The price oil sands producers receive for their crude improved to $34.50 a barrel below the international benchmark on Thursday, a three month high.
The price of Western Canada Select – a blend of heavy oil sands crude and conventional oil – has now also showed 50% improvement from the multi-year lows struck at the beginning of March.
The moves in crude spreads come after the release of the closely-followed forecast of supply and demand 12–18 months out by the International Energy Agency (IEA), an oil policy think-tank.
The IEA said on Thursday “March have seen global oil supply move ahead of oil demand for the first time since early 2009,” adding that the only thing keeping oil high is worries about the impact of Iran on oil supplies.

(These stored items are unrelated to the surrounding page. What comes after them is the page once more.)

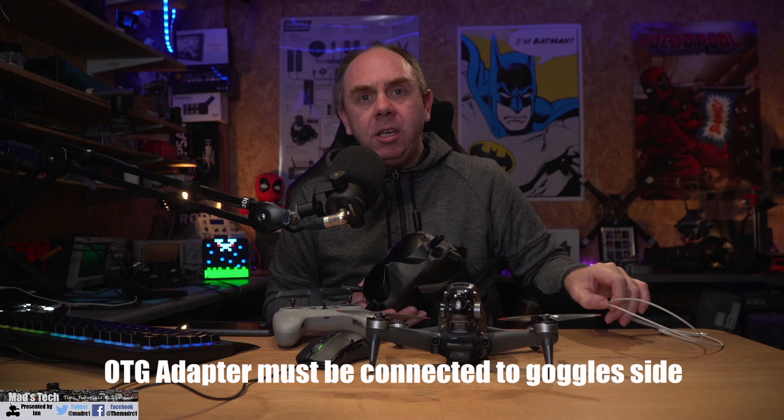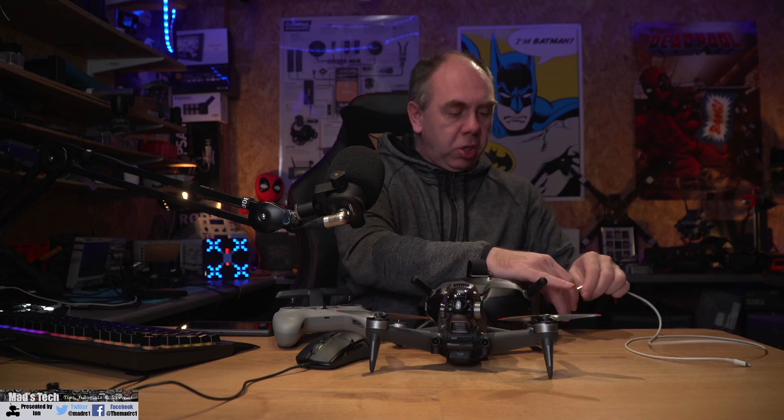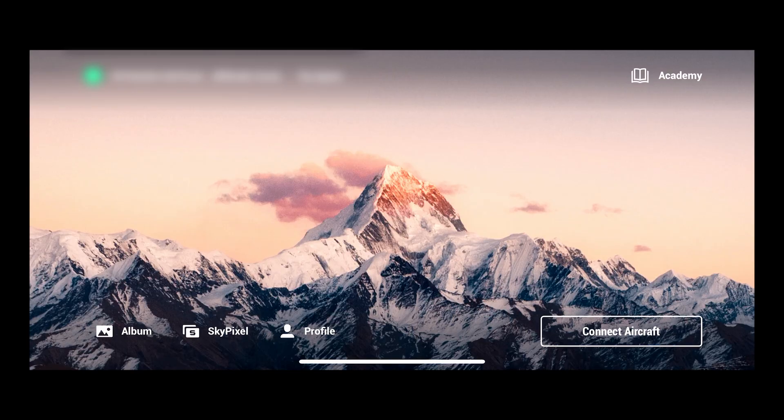There are some other things you also need to make sure you are doing when activating. The activation process is done by connecting your smart device to the goggles version 2. You need to do this with the supplied OTG cable that DJI have given you in the box — do not just use a USB-C to USB-C cable depending on what your smart device is. It must use this OTG cable. You plug that into the USB port on the side of your goggles and then use your device's data cable to connect from that to your smart device.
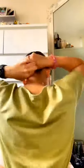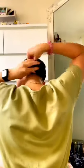Next you're going to take two halves and just crisscross them over, then wrap them around and create a small bun. Secure the hairband and then use two bobby pins either side just to keep it in all day.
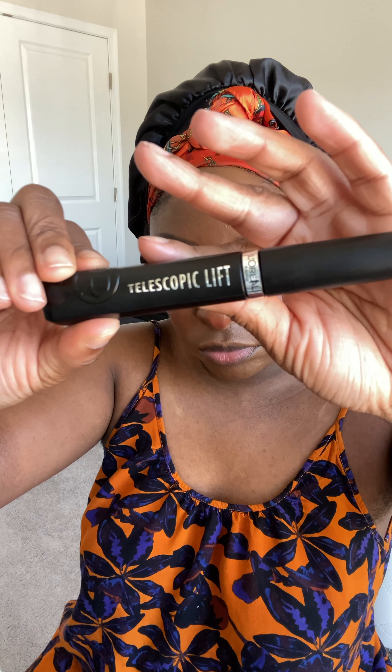Wing liner. I don't do wing liner often because it's a struggle, but this one turned out pretty good. The Stila liner is really good though — it makes it a little bit easier to do your wing.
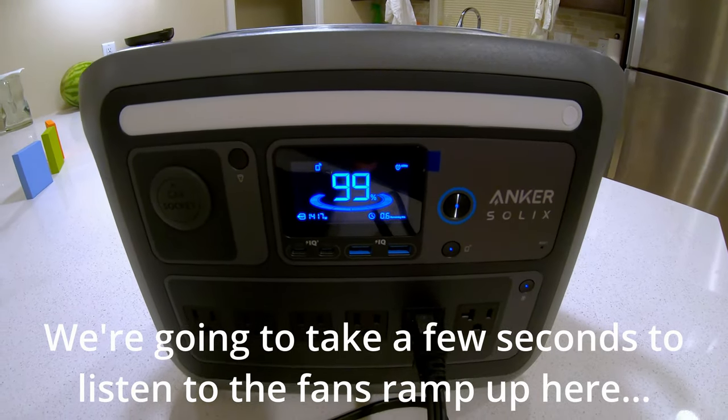57 minutes, 22 seconds — Anker is spot on with their 58-minute claim, actually doing slightly better. Good job, Anker. That is awesome.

From a discount of $35.75 on March 9 Western Canada Select has now narrowed the gap to US crude to $18.05 after a 7.4% overnight spike. It’s still way below the 8.00 discount Alberta’s oil patch enjoyed in September, however.
At the same time the spread between US crude futures, up modestly on Thursday to trade at $103.53 a barrel, and the global oil price, has also tightened.
International benchmark crude oil futures, North Sea Brent, settled at $120.18 in Europe on Thursday, marking a $16.65 premium against US oil.
Although the spread between US benchmark West Texas Intermediate (WTI) had narrowed to $10 November, today’s price is still a significant improvement from a record margin of $26.87 hit in early September 2011.
Historically WTI has traded at a premium to Brent, but has steadily declined since the Saudis dropped the WTI contract as their benchmark in 2009.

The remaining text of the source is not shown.